Operational Data Stores (OLTP)
OLTP systems are designed to be small in size to allow for efficient updates, inserts, and deletions. The data warehouse is designed to hold large amounts of data. The data recognized to have become static and not likely to change may be archived. While an OLTP system can rarely exceed the 100 GB limit, a data warehouse is likely to be measured in the TB ranges.
The data warehouse differs from operational database systems in many ways. One of the main differences between these two types of systems is the data collected in each of them. In operational systems (OLTP - On-Line Transactional Processing systems), the data is called operational data and is constantly in a state of flux, while in the data warehouse, the data is usually referred to as decision support data and remains relatively static.
The data warehouse is subject-oriented, which means it is designed around the major subjects of the enterprise business. Traditional operational databases, on the other hand are usually process-oriented based on the functionality provided by the applications accessing them.
Operational databases also differ from the data warehouse in their structure. Operational systems are usually designed to allow a large number of small transactions (OLTP systems). This requirement makes it necessary to optimize the database for data inserts, updates, and deletions. The data warehouse, on the other hand, is not expected to be subject to updates and deletions; however, inserts may happen periodically when data is added to it. The data warehouse stores the collective transactions over time after selecting the important pieces of data to store, and performing some transformation on it.

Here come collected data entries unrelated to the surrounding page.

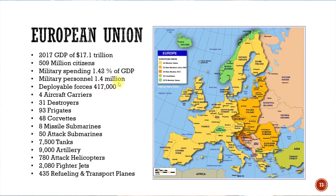The EU has about 500 million citizens. Their military spending is roughly 1.4 percent of GDP, with roughly 1.4 million individuals in service, though they're not all active. They have deployable forces of about half a million, and they have several aircraft carriers, lots of destroyers, frigates, corvettes, submarines, tanks, artillery, helicopters, fighter jets, and refueling planes to support that infrastructure.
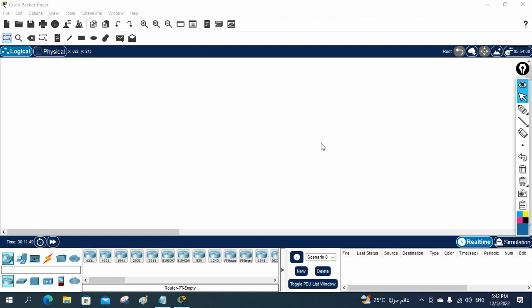Hello everyone. So now we are going to do the lab. In our previous class we discussed what is VLAN — some basic theory we learned. Now we are going to do the lab.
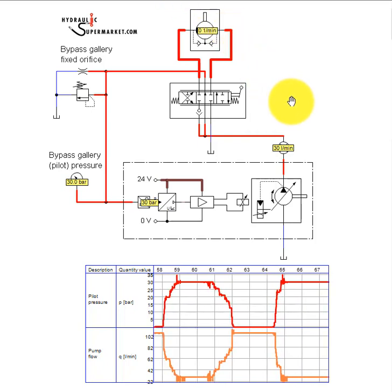So there you have it, the component parts of an open center load sensing system, unpacked and reassembled.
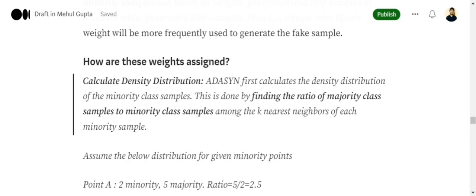Basically, it calculates the density distribution of the minority class samples. It is done by finding the ratio of majority class samples to the minority class samples amongst the k nearest neighbors of each minority class sample. So basically, for example, if I pick up a point A and k equals to 5, I would be considering all the 5 nearest points — and not just the minority ones — and then calculating the ratio of majority class samples to minority class samples.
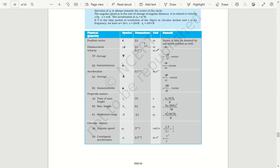For example: position vector and its dimension, average velocity and its dimension, acceleration and its dimension, projectile and its dimensions, angular speed and its dimension, and their respective formulae and units.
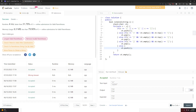For runtime complexity, this is an O(n) solution — we only loop through the string once and never go back. For space complexity, since we're using a stack, it's also O(n), scaling linearly with the length of the string.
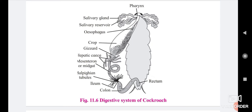The esophagus is a slightly long tube. It opens into the crop. The crop is a large, pear-shaped, sac-like organ. It temporarily stores the food and then sends it to the gizzard.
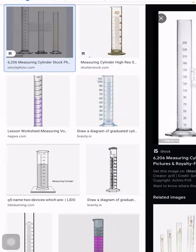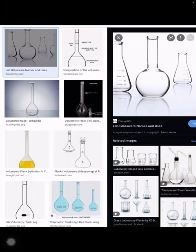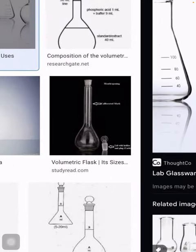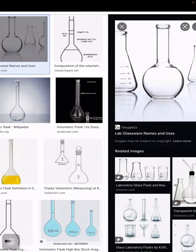Now moving to the next side — this is the volumetric flask or measuring flask. It is a flask with a long narrow neck and has one calibration mark at the top. I'm zooming in and you can see the arrow at the neck — that is the calibrated mark, indicating this flask can measure 25 cm³, 100 cm³, or 1000 cm³. It is available in different sizes.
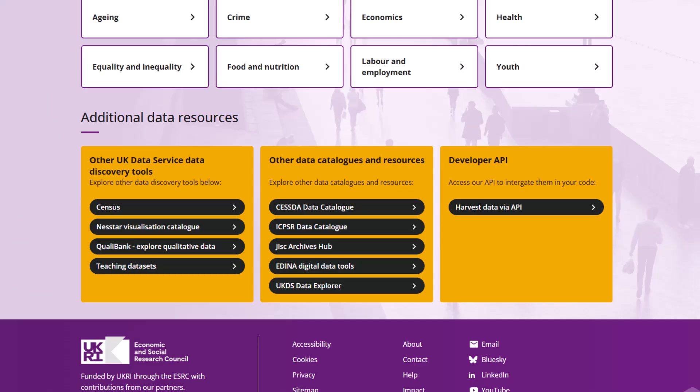From here, you can also discover further UK Data Service resources such as teaching data sets, and find links to other data catalogues and tools, as well as our developer API.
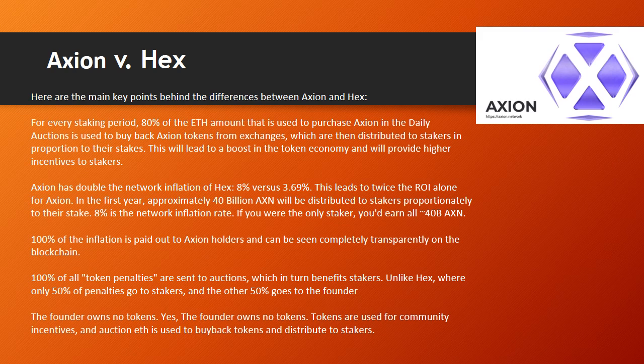The founder owns no tokens. Yes, the founder owns no tokens. Tokens are used for community incentives, and auction ETH is used to buy back tokens and distribute to stakers.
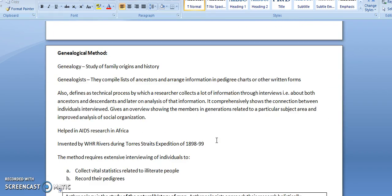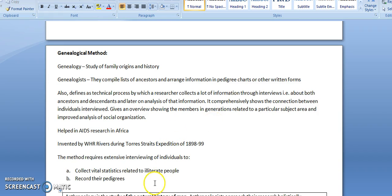In summary, genealogy is the study of family origins and history. A genealogist compiles lists of ancestors and arranges information in pedigree charts. It is a technical process which collects and analyzes information, aids research in Africa, and requires collection of vital statistics related to illiterate people and recording of their pedigrees.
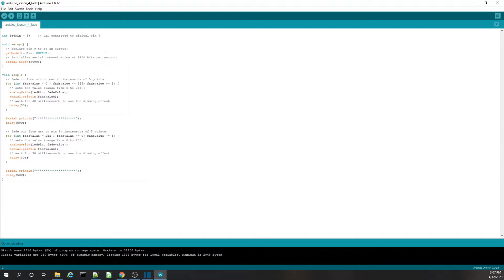So we go from zero to 255 and then from 255 back down to zero, which changes our voltage from zero to five volts and then back from five down to zero. At the end of this loop we print to the console and delay again. Let's go ahead and run this code.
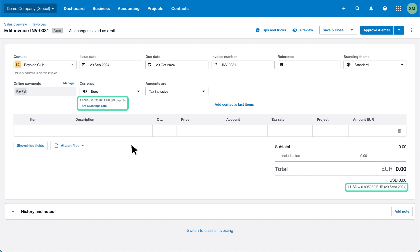Xero shows the exchange rate from your base currency to the chosen currency on the invoice date. To view and update the details click set exchange rate.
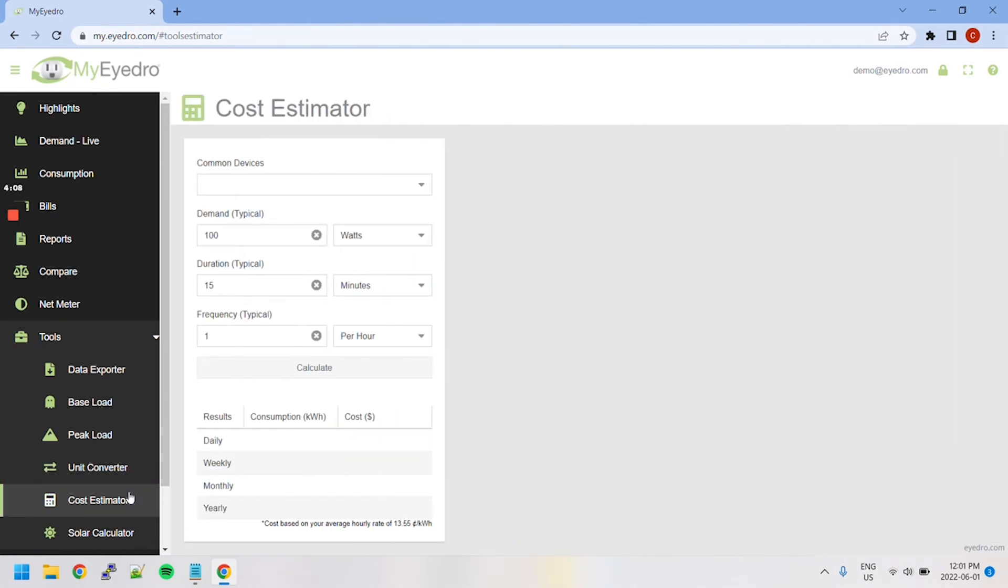The Cost Estimator tool allows you to estimate the consumption and cost from operating common home and office devices.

Data storage volume is not the only difference between operational OLTP systems and data warehouses. The volume of data processed when retrieval occurs is extremely different. With OLTP systems, small amounts of data are retrieved for every transaction. In data warehouses, a large set of data may have to be processed when queries are issued against the data store.
OLTP systems depict the current state of the business. For example, a banking OLTP system will hold records that show the current customer accounts, and the daily transactions that take place around them. The data warehouse for the same bank, on the other hand, will store historical information about bank customers, accounts, and activities over a long period of time. Data is retrieved from the data warehouse as snapshots in time.